=== Input records ===
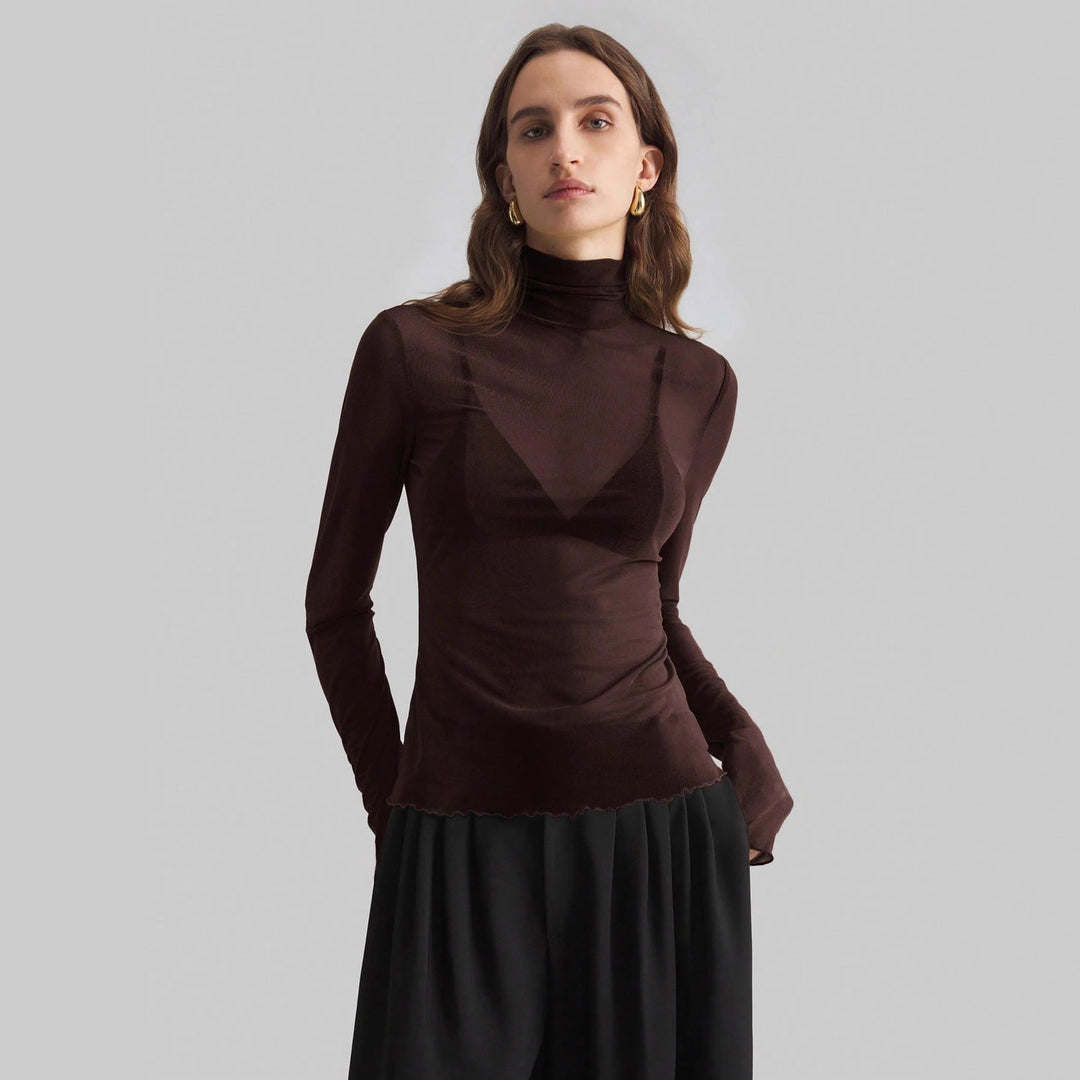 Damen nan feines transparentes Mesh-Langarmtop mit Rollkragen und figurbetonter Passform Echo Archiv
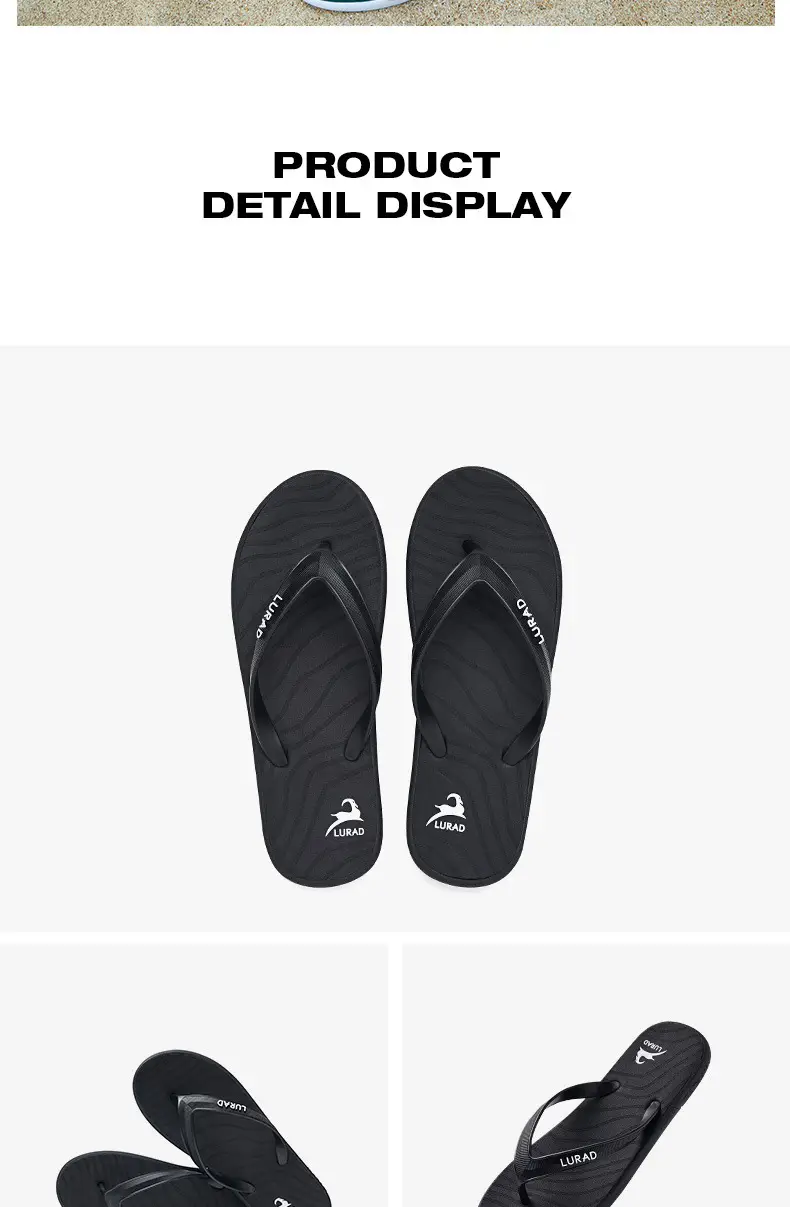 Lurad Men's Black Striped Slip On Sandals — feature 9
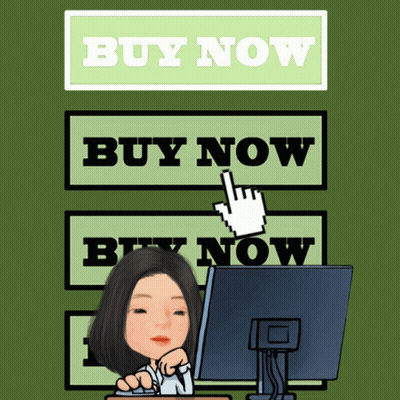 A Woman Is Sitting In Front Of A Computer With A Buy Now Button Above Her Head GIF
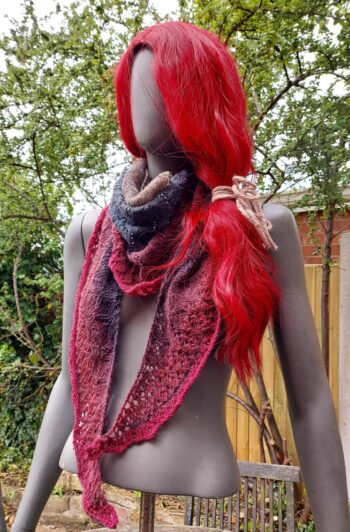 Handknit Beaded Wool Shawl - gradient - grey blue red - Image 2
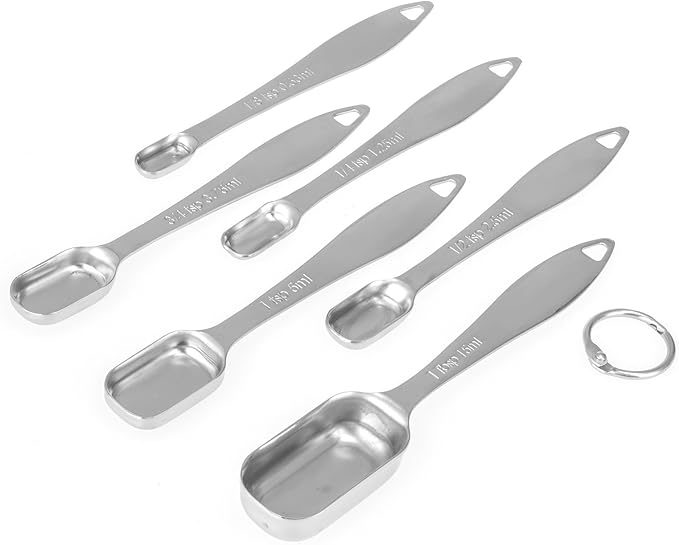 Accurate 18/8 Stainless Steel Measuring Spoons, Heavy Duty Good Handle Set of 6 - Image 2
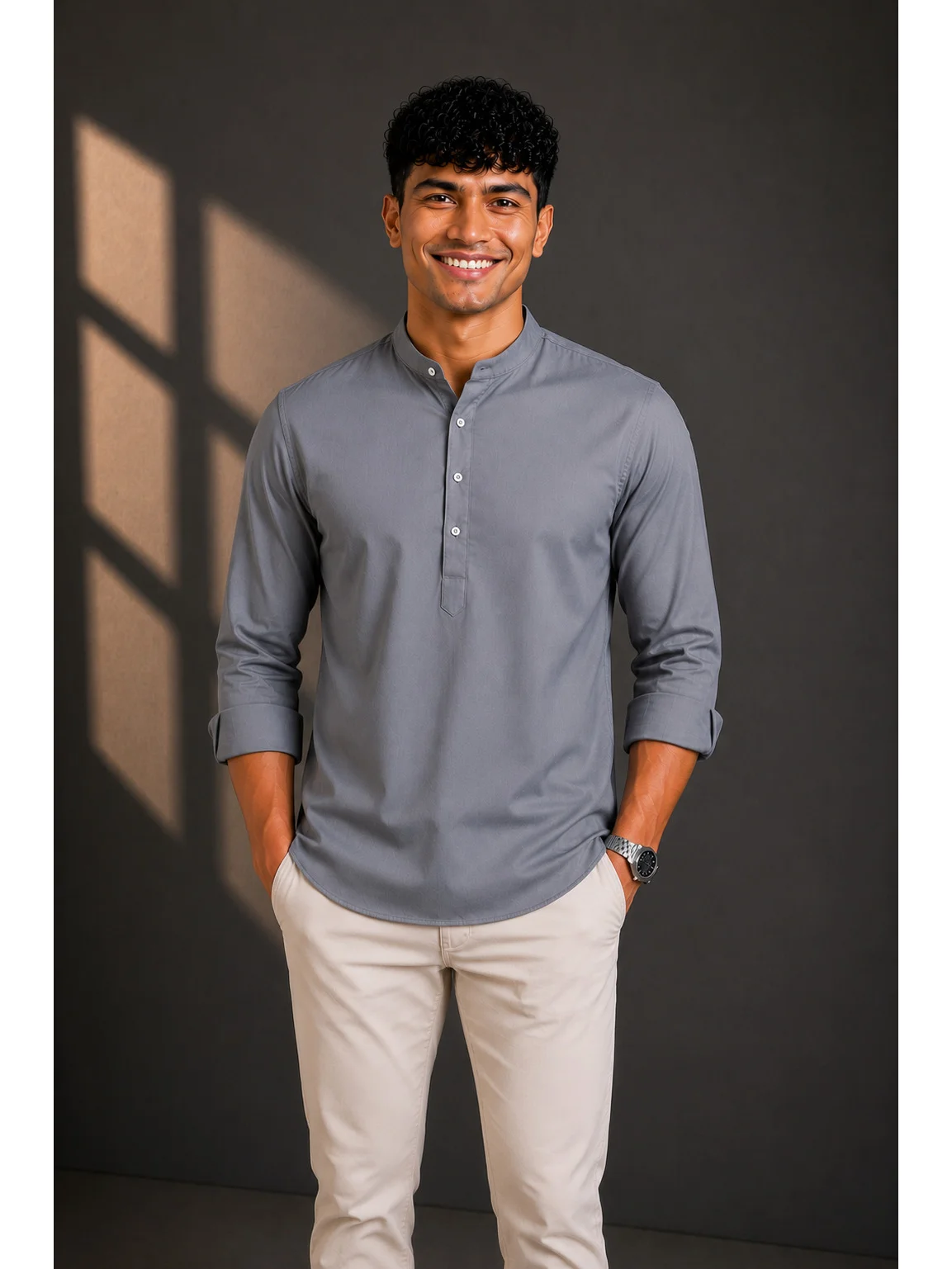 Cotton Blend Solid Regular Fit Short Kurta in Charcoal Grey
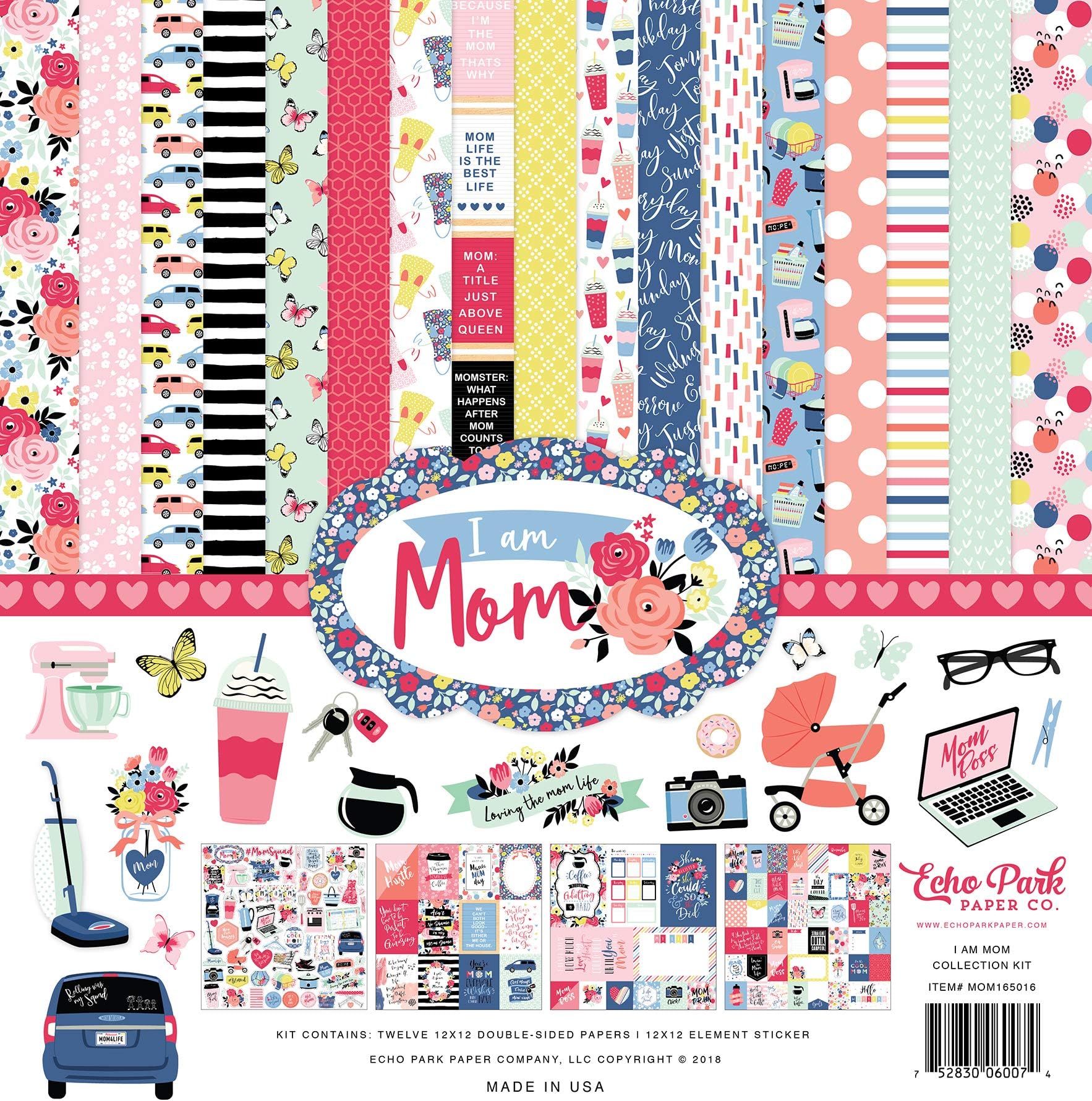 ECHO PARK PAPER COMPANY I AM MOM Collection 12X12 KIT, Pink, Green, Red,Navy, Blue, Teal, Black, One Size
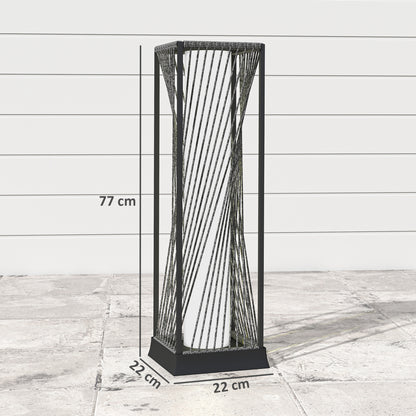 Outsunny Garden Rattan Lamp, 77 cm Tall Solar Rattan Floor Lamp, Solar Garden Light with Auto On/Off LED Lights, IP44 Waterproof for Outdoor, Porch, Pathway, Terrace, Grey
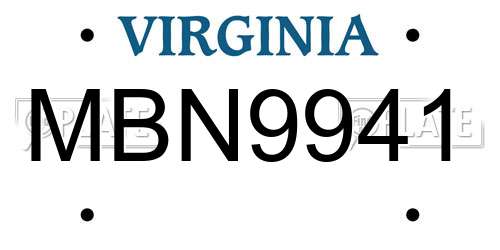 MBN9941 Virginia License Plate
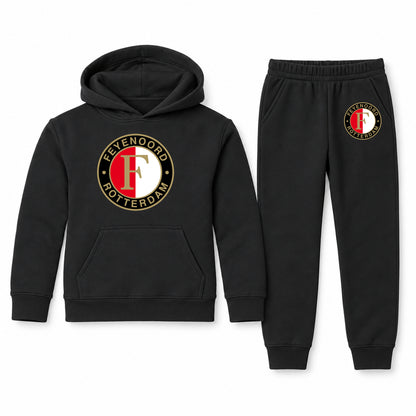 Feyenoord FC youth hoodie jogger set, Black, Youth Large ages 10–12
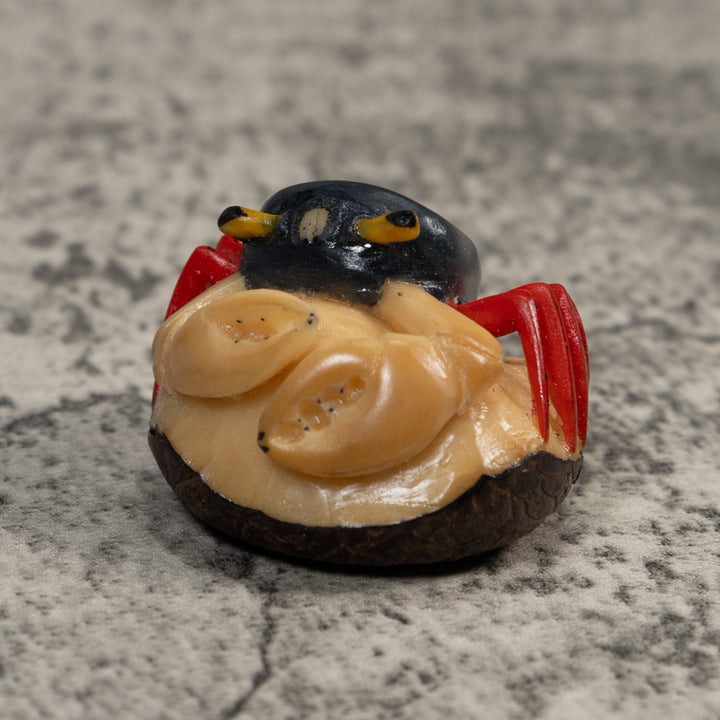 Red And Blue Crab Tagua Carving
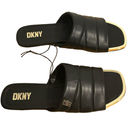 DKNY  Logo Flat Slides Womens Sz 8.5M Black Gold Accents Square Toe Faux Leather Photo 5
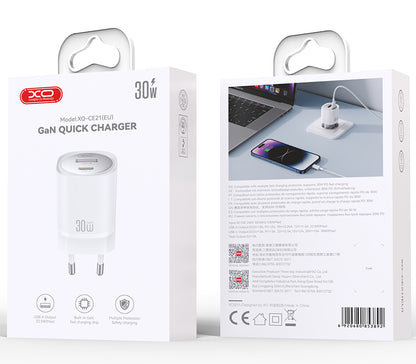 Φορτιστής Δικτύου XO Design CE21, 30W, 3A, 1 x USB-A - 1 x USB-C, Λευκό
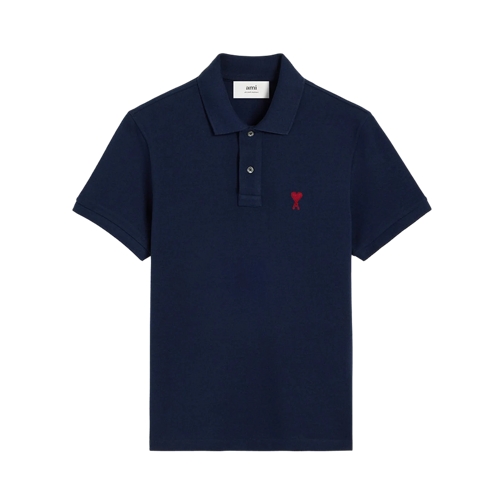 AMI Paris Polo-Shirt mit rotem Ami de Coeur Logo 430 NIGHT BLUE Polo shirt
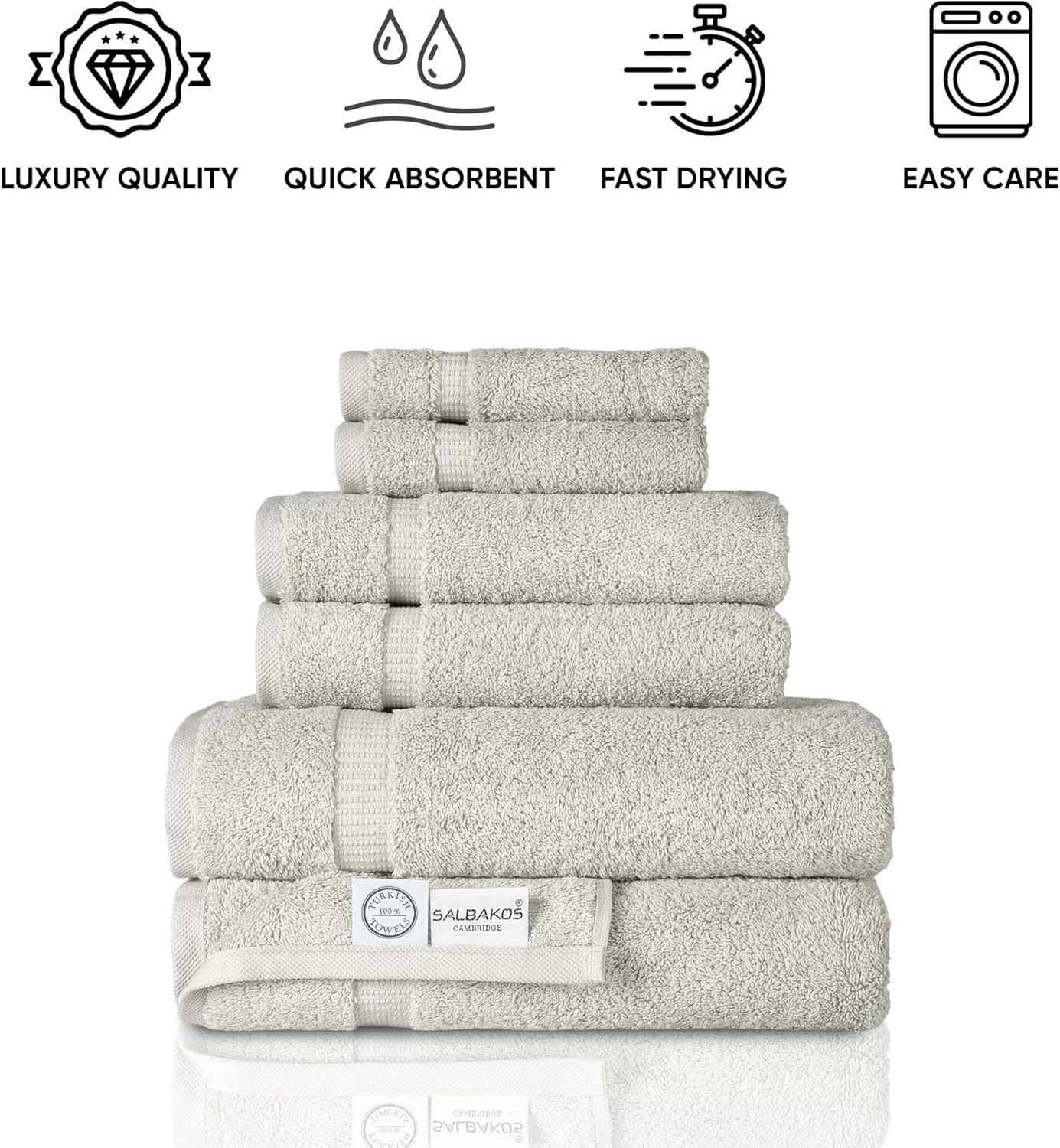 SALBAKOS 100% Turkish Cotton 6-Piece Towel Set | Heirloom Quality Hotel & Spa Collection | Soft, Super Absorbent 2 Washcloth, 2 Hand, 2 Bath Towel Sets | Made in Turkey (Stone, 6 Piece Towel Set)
===
Skip all pictures. Then give again, exactly, each line from the line holding "Outsunny Garden Rattan" through the last line of the listing above, both ends included.

 Outsunny Garden Rattan Lamp, 77 cm Tall Solar Rattan Floor Lamp, Solar Garden Light with Auto On/Off LED Lights, IP44 Waterproof for Outdoor, Porch, Pathway, Terrace, Grey
 MBN9941 Virginia License Plate
 Feyenoord FC youth hoodie jogger set, Black, Youth Large ages 10–12
 Red And Blue Crab Tagua Carving
 DKNY  Logo Flat Slides Womens Sz 8.5M Black Gold Accents Square Toe Faux Leather Photo 5
 Φορτιστής Δικτύου XO Design CE21, 30W, 3A, 1 x USB-A - 1 x USB-C, Λευκό
 AMI Paris Polo-Shirt mit rotem Ami de Coeur Logo 430 NIGHT BLUE Polo shirt
 SALBAKOS 100% Turkish Cotton 6-Piece Towel Set | Heirloom Quality Hotel & Spa Collection | Soft, Super Absorbent 2 Washcloth, 2 Hand, 2 Bath Towel Sets | Made in Turkey (Stone, 6 Piece Towel Set)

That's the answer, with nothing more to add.